At this point I was reminded of a book that a boyfriend in college gave me. It was about mental toughness training for athletes, and he found it very applicable to his music (he played trumpet). And I realized that, in each moment in the pool that day, I was always capable of taking another stroke, swimming another lap, and once I put myself in that mindset, that annoying voice in my head quieted down (well, not entirely, but mostly), and I found that finishing the rest of the workout was easy (easier).

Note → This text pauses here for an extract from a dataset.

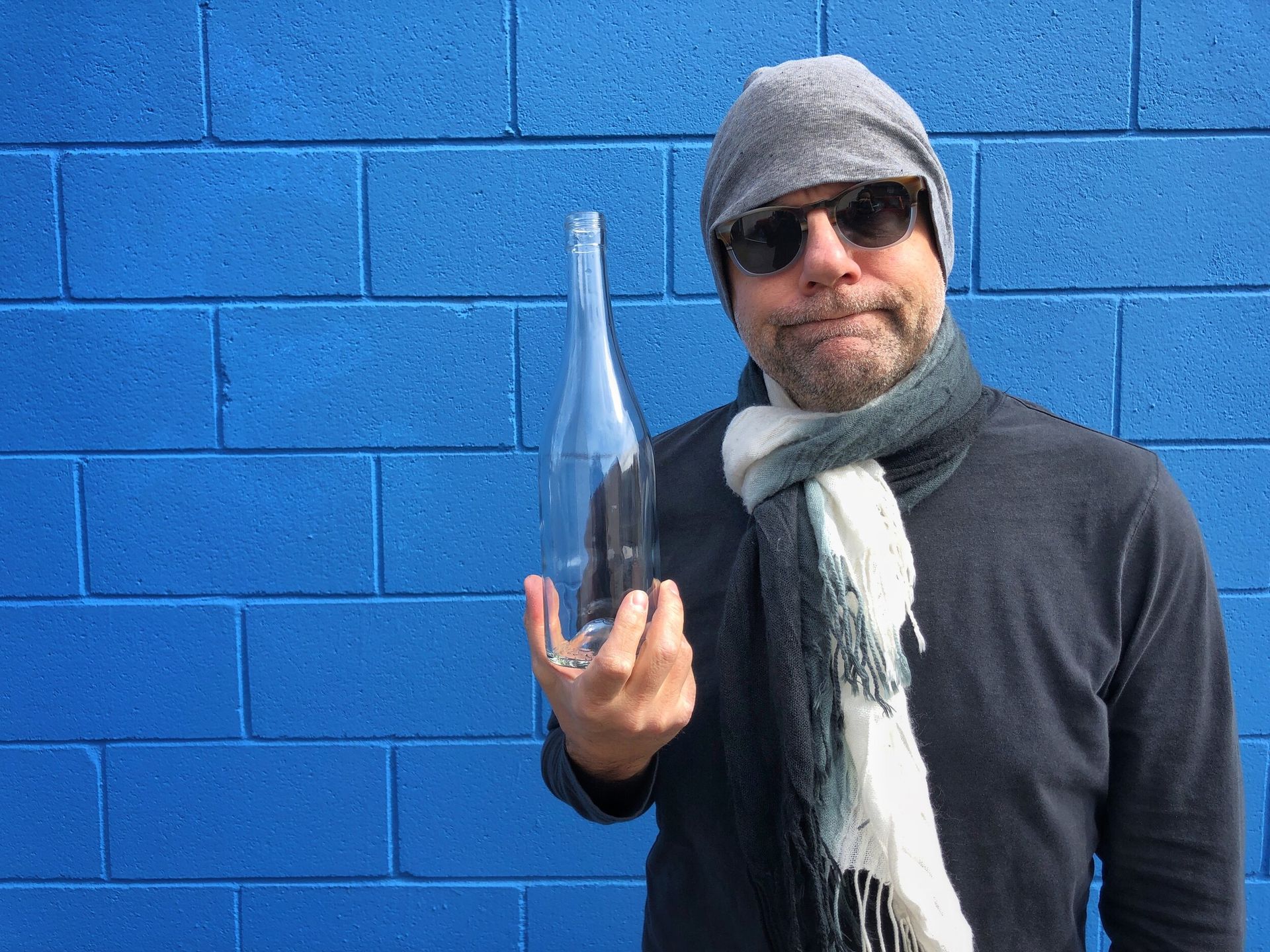 man with empty bottle of wine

I honestly haven't thought a lot about mental toughness in performance since I stopped performing as a pianist. As a singer, I'm not often worried about coming in on the wrong note, forgetting a line (it's happened, believe me, but I don't worry about it the way I did when tackling a concerto or sonata), and as my technique has developed and strengthened, I don't often worry anymore about a high note at the end of a piece or a difficult run. However, I think we singers have to apply mental toughness in different ways. Remaining positive and optimistic in the face of the rejection and judgement that we subject ourselves to on a daily basis can seem hard sometimes. And walking in to the next audition, and the next, and the next, with confidence in what we have to offer as artists, certainly requires a great deal of mental toughness. As audition season gets in to full swing, I have been thinking about these things lately. I think I'm doing ok on the mental toughness scale, but there's always room for improvement, and if this is another thing that swimming will help me with (other than the 7 pounds I've lost already, or the great arm muscles I'm developping, or the improved breath control), then I say, "Yay, swimming!"